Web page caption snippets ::
Segment Open

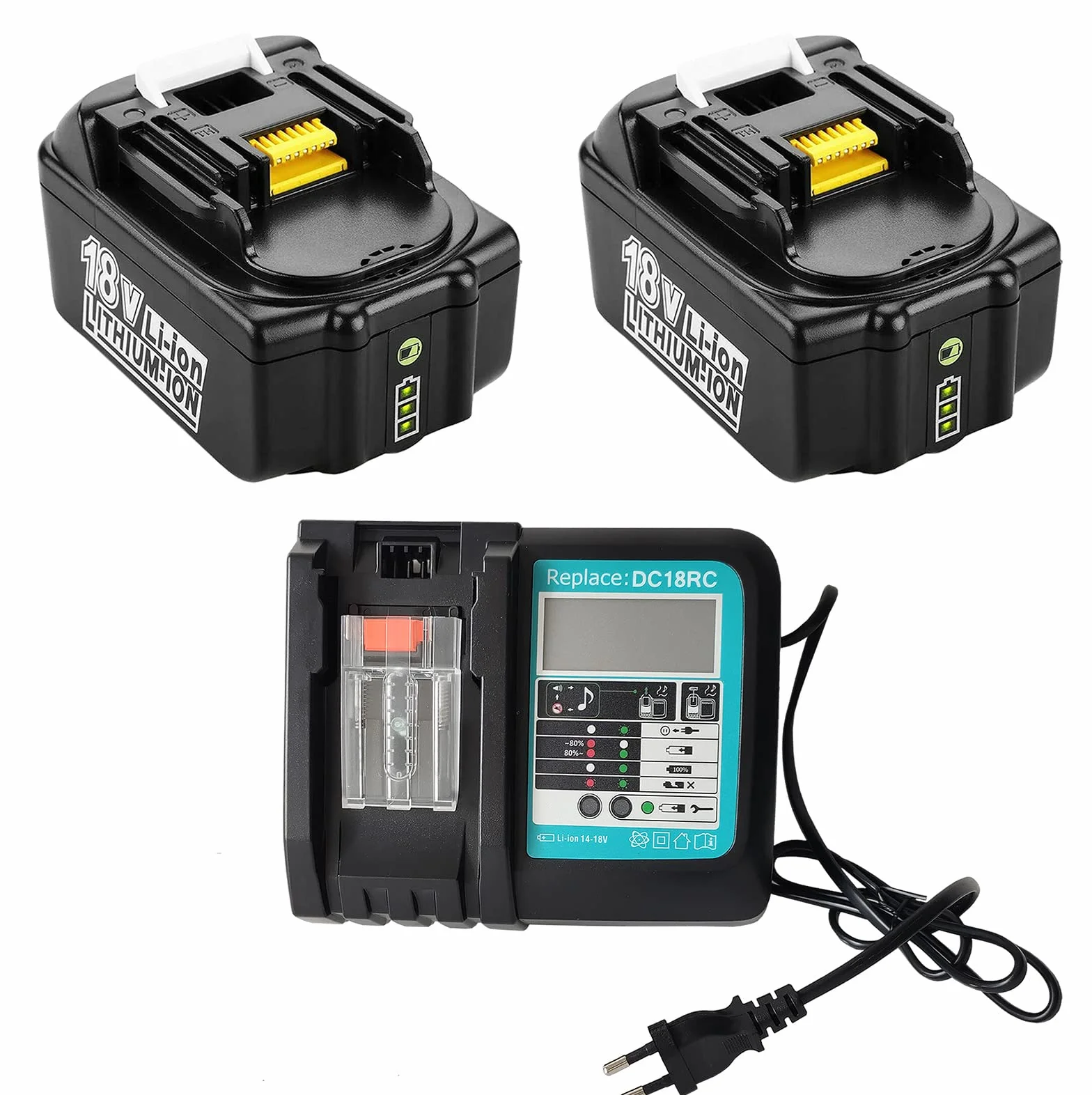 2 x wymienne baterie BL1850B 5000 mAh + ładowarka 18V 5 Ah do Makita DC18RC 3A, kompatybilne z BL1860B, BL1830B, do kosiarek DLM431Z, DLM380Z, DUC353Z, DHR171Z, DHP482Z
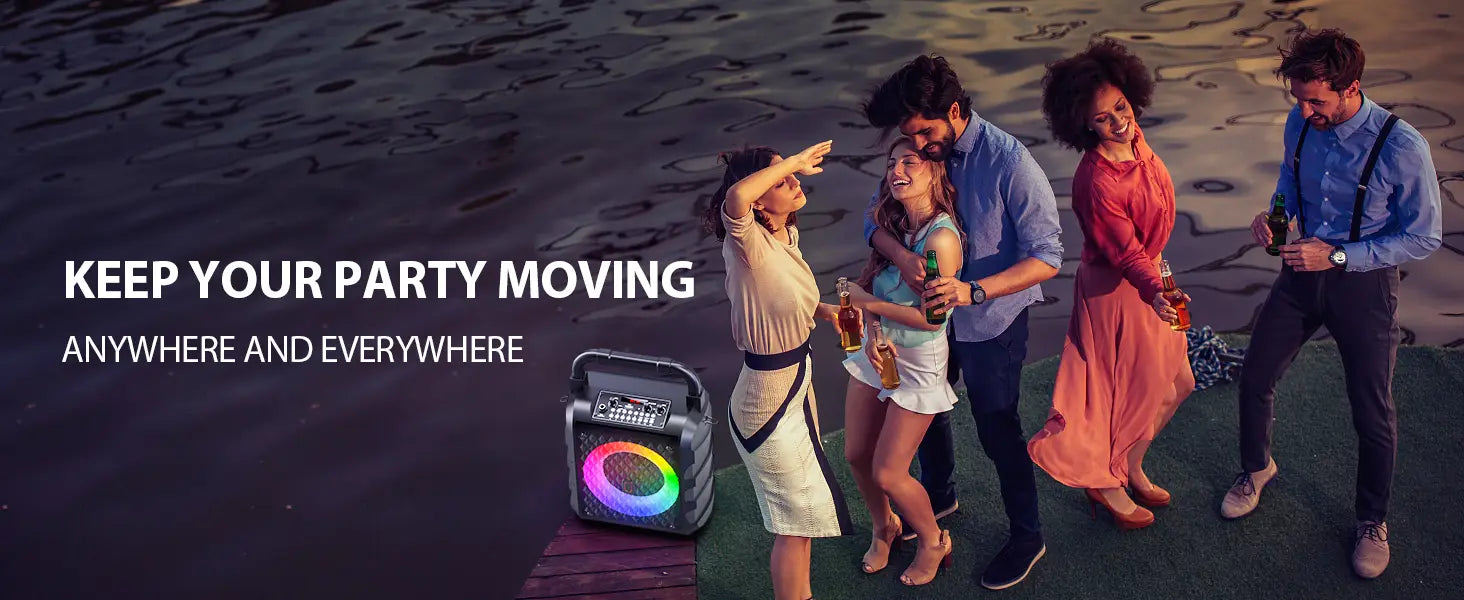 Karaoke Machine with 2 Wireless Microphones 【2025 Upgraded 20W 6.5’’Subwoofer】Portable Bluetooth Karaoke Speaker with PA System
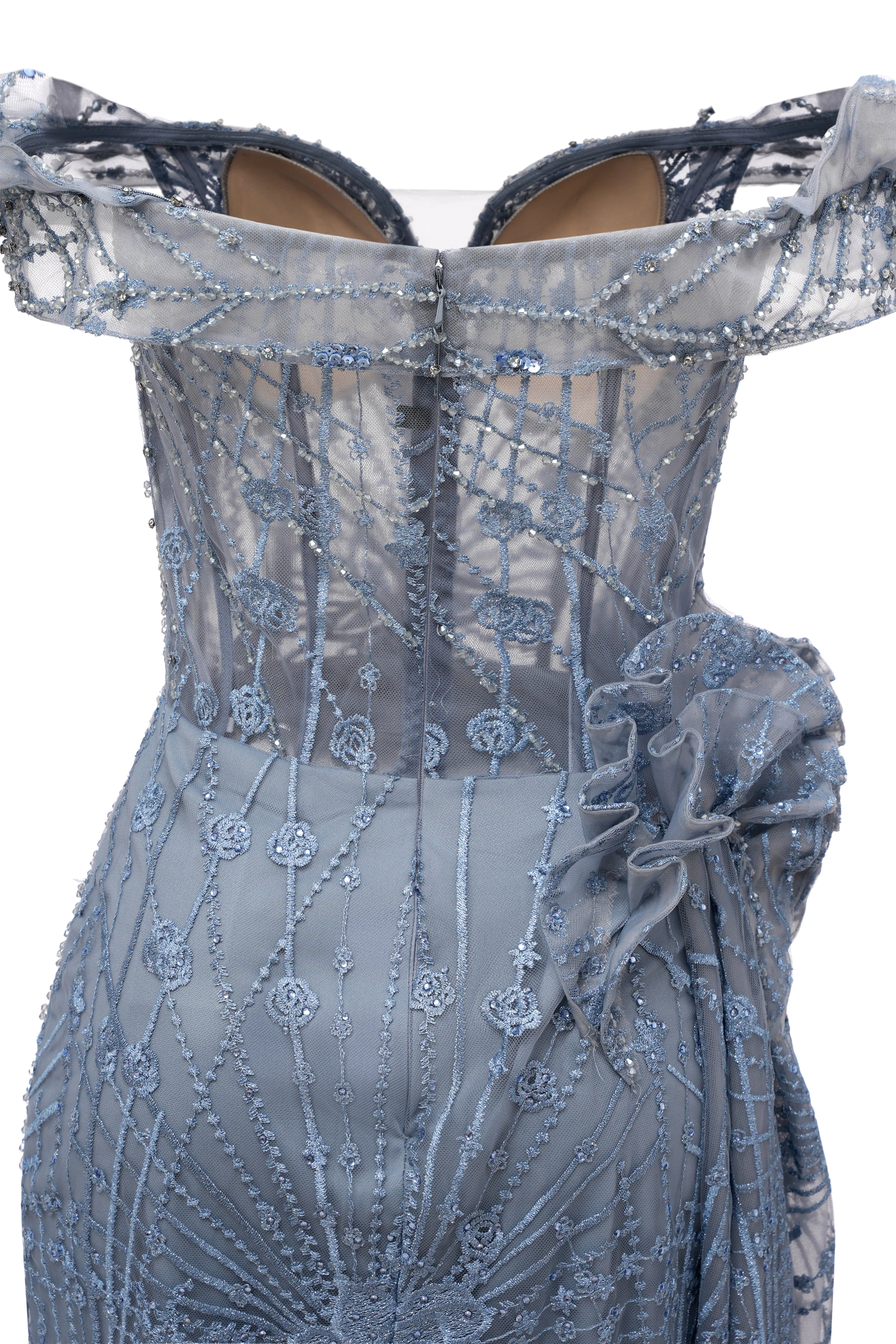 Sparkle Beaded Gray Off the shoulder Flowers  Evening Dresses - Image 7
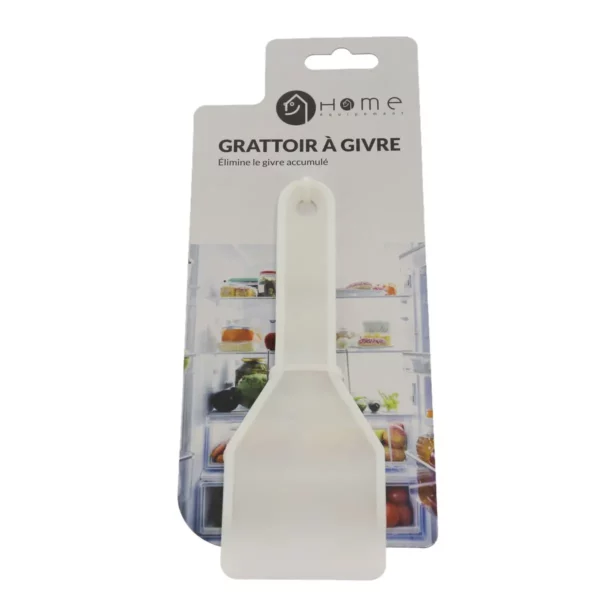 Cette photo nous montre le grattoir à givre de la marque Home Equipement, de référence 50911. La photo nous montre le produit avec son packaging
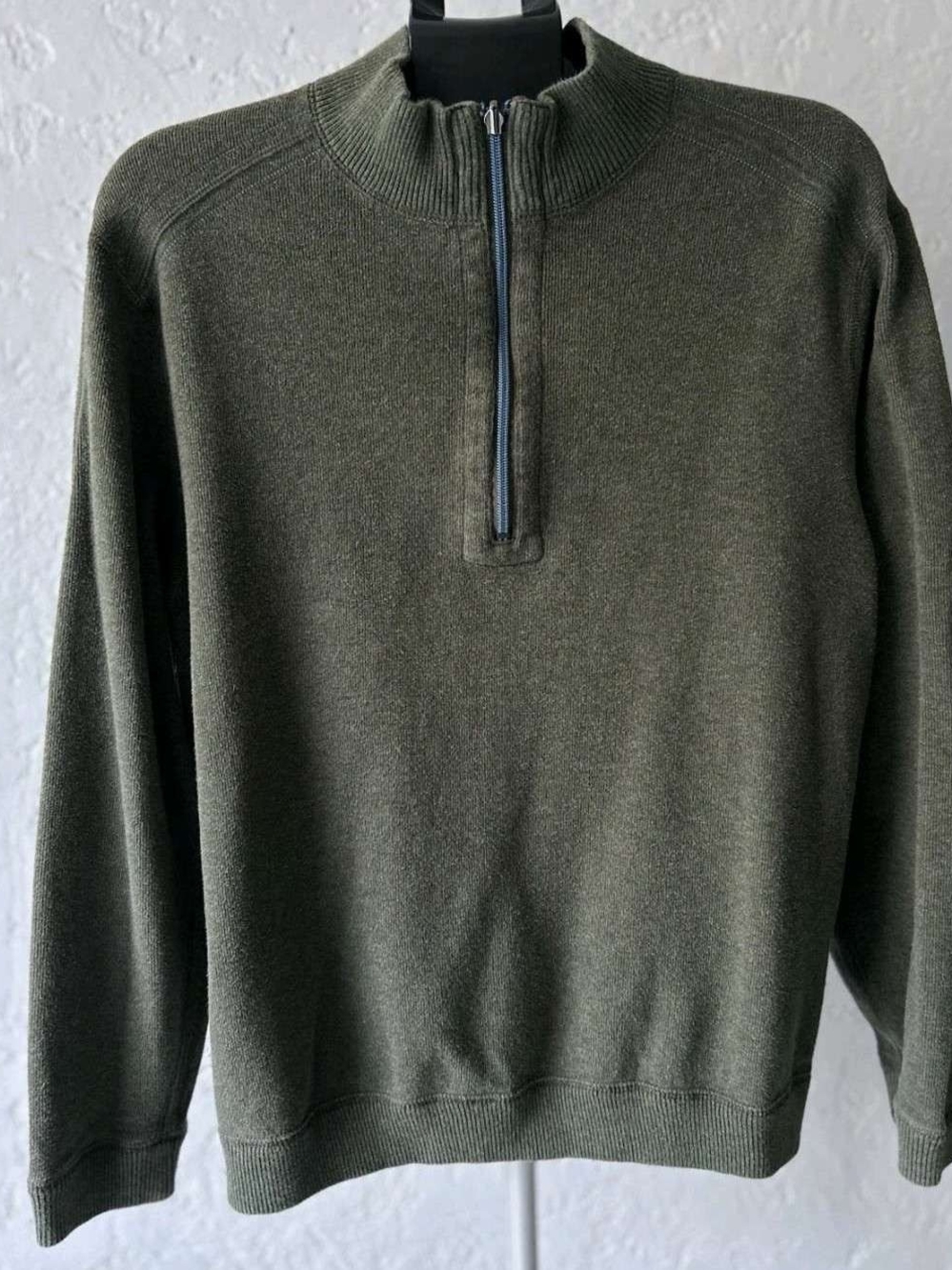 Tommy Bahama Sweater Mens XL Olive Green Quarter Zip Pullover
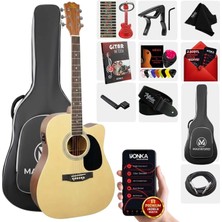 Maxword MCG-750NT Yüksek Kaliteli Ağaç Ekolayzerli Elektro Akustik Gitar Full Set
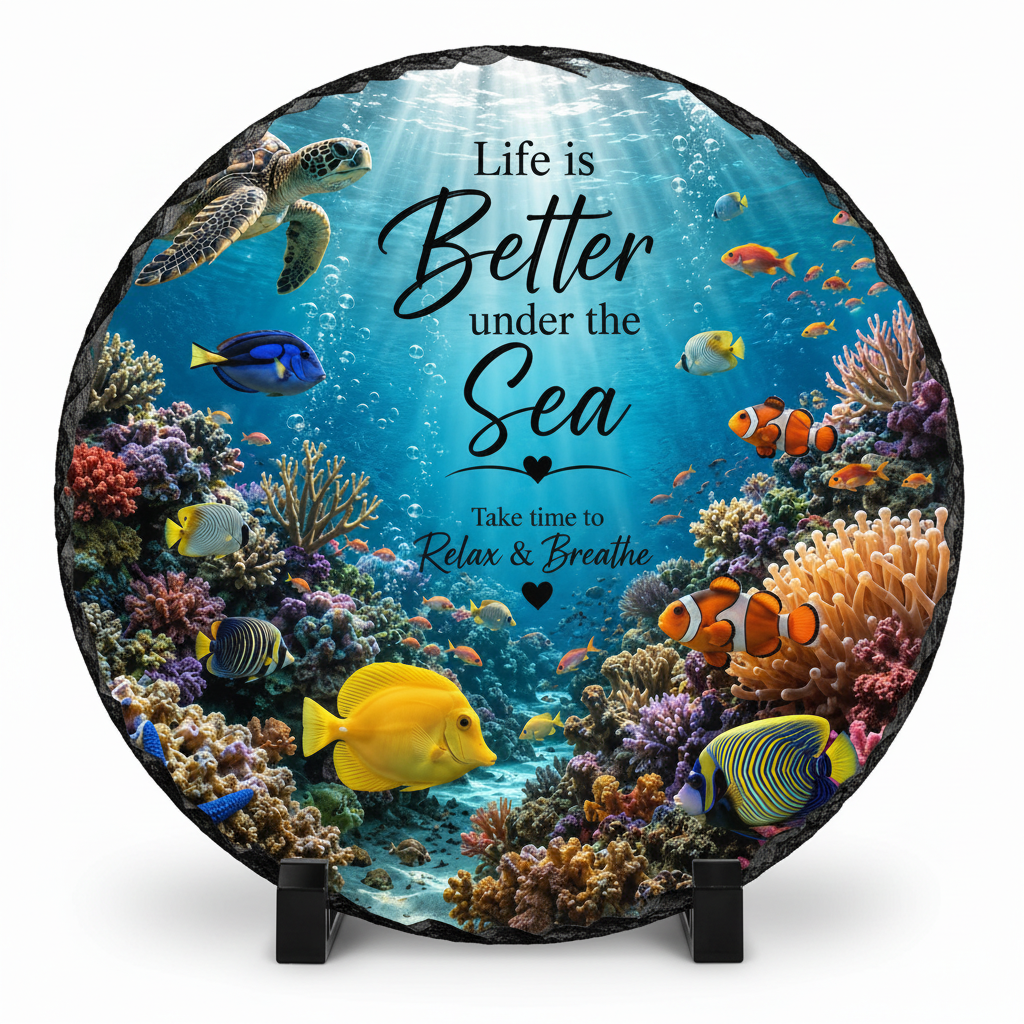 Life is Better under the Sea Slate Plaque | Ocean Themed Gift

Segment Closed

Print each entry above exactly. The pictures should not be printed.

 2 x wymienne baterie BL1850B 5000 mAh + ładowarka 18V 5 Ah do Makita DC18RC 3A, kompatybilne z BL1860B, BL1830B, do kosiarek DLM431Z, DLM380Z, DUC353Z, DHR171Z, DHP482Z
 Karaoke Machine with 2 Wireless Microphones 【2025 Upgraded 20W 6.5’’Subwoofer】Portable Bluetooth Karaoke Speaker with PA System
 Sparkle Beaded Gray Off the shoulder Flowers  Evening Dresses - Image 7
 Cette photo nous montre le grattoir à givre de la marque Home Equipement, de référence 50911. La photo nous montre le produit avec son packaging
 Tommy Bahama Sweater Mens XL Olive Green Quarter Zip Pullover
 Maxword MCG-750NT Yüksek Kaliteli Ağaç Ekolayzerli Elektro Akustik Gitar Full Set
 Life is Better under the Sea Slate Plaque | Ocean Themed Gift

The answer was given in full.